Music wise, we’re back to having vocal tracks during levels. And boy are there some good ones! OK, so some Crush 40 would have been nice, but there’s still plenty to enjoy. Highlights for me include the following: The main theme, Fist Bump, is the Doug Robb track, and suits the Avatar well. The game features multiple versions of this song, depending on mood. Infinite, the new villain, also has a decent rap/rock theme. My favourite though is the slightly more dance-oriented theme for the Imperial Tower mission, with lyrics that directly reference Doctor Eggman’s scheme at the time.
Which brings us to the story. Now, this is pretty standard fare on a base level. Eggman is evil, and he wants to take over the world. Sonic and his pals are the good guys and want to stop him. It’s the padding that makes us step into the more modern Sonic realms. Eggman’s plan itself, Infinite and his crazy powers, and the emergence of multiple old villains makes things feel a little more complicated than the older games in the series. That’s okay though, as the elements are all tied together by some nice-looking cut-scenes featuring some better-than-normal voice acting for the franchise. Oh, and I really like Infinite. He’s malicious, creepy, and has a cool design. Of course, if you believe that Sonic should be kept really simple a la the days of old, then this is all for nought, and you’ll not enjoy this aspect at all. For me, the only real issue I had was that there wasn’t a way to collect Chaos Emeralds and play as Super Sonic in the main game. The free DLC is nice, but it’s such a core part of the lore, I was honestly a little surprised we didn’t get this as a key part of the narrative.
Finally, we come to something the game has seen a lot of criticism for. The glitches. This is not Sonic 06 in terms of things not working. In truth, I think the game is decent, and the glitches present almost all require you to do something specific at a very precise point. I went out of my way to recreate some of the issues that popped up on YouTube and found the same thing almost every time: you would need to be very unlucky to hit most of the glitches by accident. In other words, you really need to try to boundary break and so on. So yes, there were some things that can go wrong, but it’s highly unlikely to ruin your gameplay experience.

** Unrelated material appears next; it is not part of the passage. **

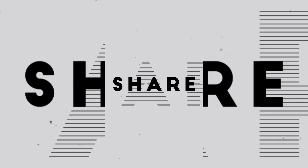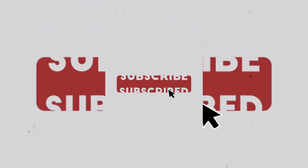If you like this video, please like and share. Subscribe to our YouTube channel. Thank you so much.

My final verdict: As with pretty much every modern Sonic game, Sonic Forces is not without flaws, and certainly does plenty to garner mixed reactions. From a personal standpoint though, I found it to be the most polished modern Sonic game to date. The Avatar is great fun, the sheer speed that you can achieve is impressive, and the game looks and sounds great. In all, if this can be built upon in the next game, the future of the Modern Blue Blur looks bright!
Final Score: 4.5 out of 5 (If you disliked Sonic Generations, or want something with a longer main story though, it’s probably closer to 3.5)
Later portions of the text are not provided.